A solar eclipse occurs when the Earth, moon, and sun line up so that the moon's shadow is cast on the Earth. A total solar eclipse occurs when the sun's entire disk is covered by the moon. During an annular eclipse, the new moon's apparent diameter is still smaller than the visible disk of the sun, making the covered sun appear for a few minutes as a striking annulus (ring).

But the National Geographic Centre says the weekend's celestial alignment is special for astronomers since it is a rare kind of hybrid eclipse - one where it starts as annular and then becomes total.

"A hybrid eclipse is when the moon's shadow doesn't quite reach the Earth at the beginning and end of the eclipse, but it reaches the Earth in the center of its path as the Earth's curvature bulges up to it, so it is a total eclipse there," explains Pasachoff.

"The last hybrid was in 2005 in the middle of the Pacific Ocean and the next won't be until 2023," according to Pasachoff.

Tips about watching

In case you’ve got no prior knowledge of the dangers of watching directly at the sun in future eclipses, astronomers recommend using either a professionally manufactured solar filter in front of a telescope or camera, or eclipse-viewing glasses that sufficiently reduce the sun's brightness and filter out damaging ultraviolet and infrared radiation.  

“Do not look directly at a partial or annular eclipse with your naked eye,” the US space agency NASA advises. “Eye damage can result very quickly and without your awareness from staring at the sun, even when it is partly eclipsed.”

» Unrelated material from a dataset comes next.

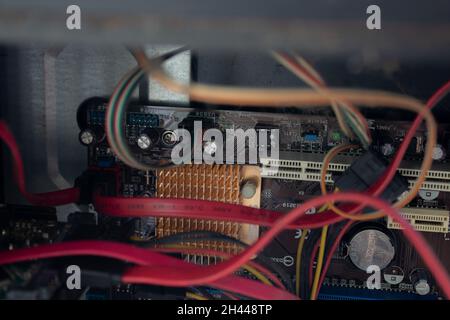 An old family computer filled with spider webs, dust and viruses. Maintenance is a key to keep computers healthy and working. Stock Photo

A pinhole projection of a partial eclipse on the ground is safe to watch, the space agency advises.

Projections

The next solar eclipse will occur on April 29, 2014, with the shadow path crossing over Antarctica. A partial eclipse will be visible again from North America on October 29, 2014, astronomers say.

For North Americans, the weekend's eclipse is just the opening act for the big event that comes when a total solar eclipse will cross the United States from Oregon to South Carolina on August 21, 2017, according to geographic think tanks.